To make the matters even more complex, the capabilities and characteristics of the different threat actor groups are becoming intermingled, so that an unskilled hacker is able to access nation-state quality tools (various leaks of CIA and law enforcement tools), as well as nation-state actors using open-source industrialized hacking platforms. In other words, yesterday’s low-skilled hacker is today’s low skilled hacker with dangerous nation-state quality tools in his hands.

The report outlines a ‘Whole-of-nation Framework’ that includes citizens, the private sector, and government as part of the layered cyber deterrence strategy.

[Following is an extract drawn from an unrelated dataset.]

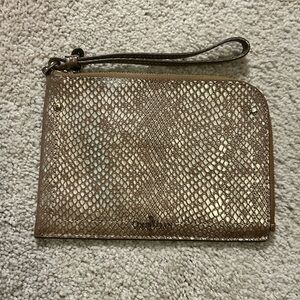 Cole Haan Metallic Gold Faux Snakeskin Leather Zip Around Wristlet Clutch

The sections I mentioned previously go a long way to enabling private industry to take a larger role in national defense of cyberspace, but I’d like to ask our government to step up to the plate and actually make this happen.

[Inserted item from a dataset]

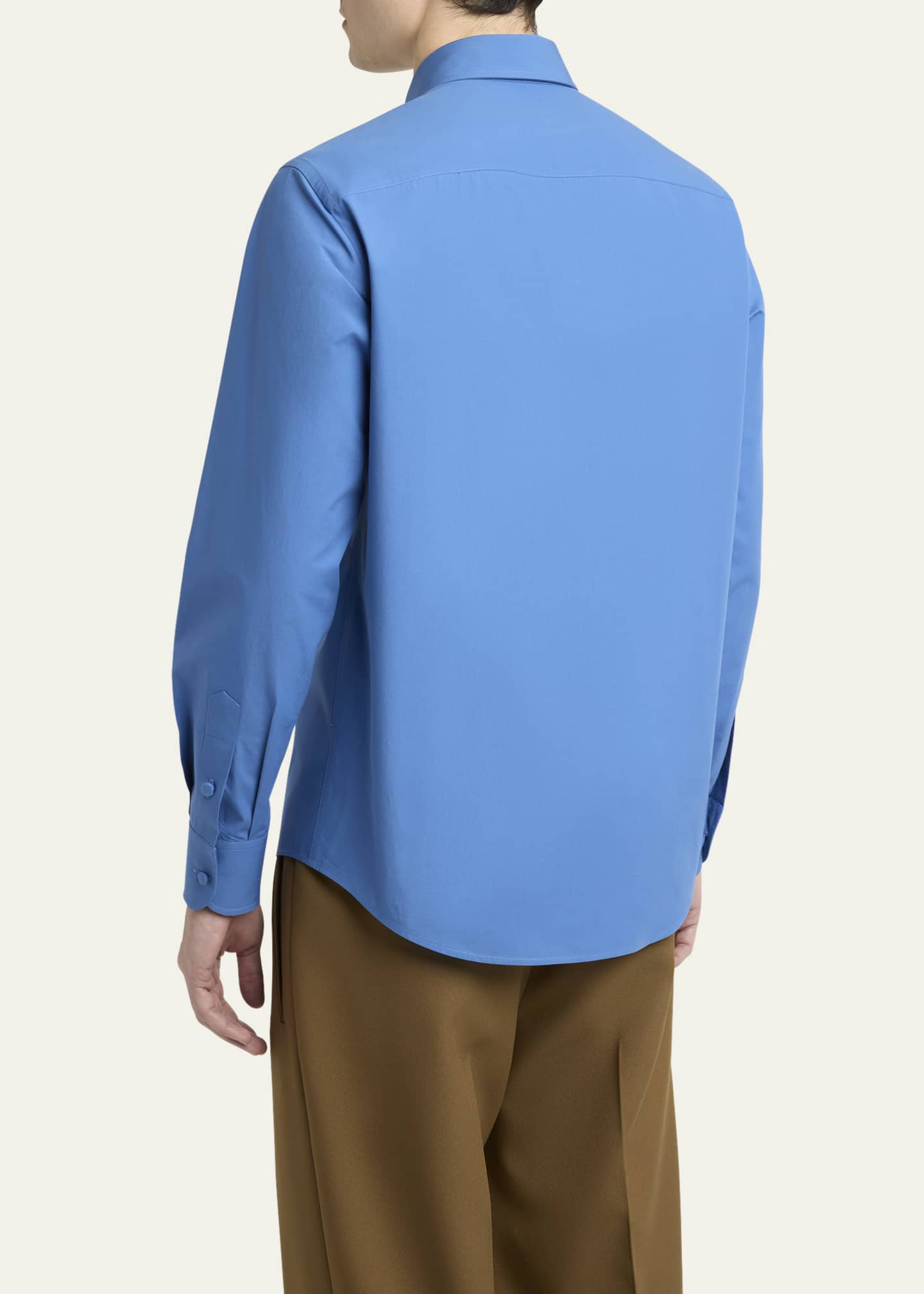 Valentino Garavani Men's Tonal Poplin Dress Shirt Image 3 of 5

More regulations and forcing companies to expose security incidents helps the government conduct cyber operations better, but it comes at a cost, paid for by the private sector. This cost is added into the budget that’s used to mitigate said risks, so the cost comes at the expense of the actual thing it’s meant to benefit. To me, this could end up being a zero-sum game.

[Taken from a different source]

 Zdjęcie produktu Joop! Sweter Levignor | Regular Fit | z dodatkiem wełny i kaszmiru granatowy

Instead, before the government creates more government, before more regulations are rolled out, and before incident reporting requirements are enforced (4.7.1, 5.2.2), government can reduce or eliminate the impact by instituting the following recommendations:

  • Financial incentives for the private sector to invest in cybersecurity. Not a research program that will bear fruit in ten years, or a standard, report, or other thought leadership. I think private industry has a grasp on what they could do if they had more money to spend on cybersecurity. There are great tools doing great things, pioneering startups with cutting edge technologies, and well-established companies with commoditized technologies. There’s no shortage of tools to buy. The private sector needs capital and financial incentive to jump into the national defense game.
  • Tax breaks. National defense is paid for through taxes, if the private sector is sharing the burden by handling it’s own cyber defense against another nations army, and it’s part of our national defense strategy, the cost should be shared.
  • Boots on the ground- As part of the third layer of the strategy, ‘Impose Costs’ should mean nations are being held accountable for nation-state level attacks, which are supposed to be treated as an act of war. By force, some of the operators or critical infrastructure supporting the cyber attacks should be held accountable, serving as a deterrent and putting a higher cost on running cyber operations against the U.S. I think the government can do more with using law enforcement measures and military options to enforce existing cybersecurity laws and international treaties. 
  • Take our gloves off- I’m not advocating to opening a wild west cyber shoot-out, but private industry has been legislated into a disadvantageous position of a pure ‘defense-only’ security posture. Private sector is being asked to do direct 1-on-1 cyber battle with the world most powerful cyber armies, but we’re only allowed to block, duck, and dodge. I think the changes in 5.2.3 are a decent step in that direction, but we need bigger steps. 

In summary, I think the report moves the governments defense of civilization into modern times, but I feel we can do more. I’d really like to see organizations have more financial incentive to allocate more budget and resources to nation-state level cybersecurity defenses.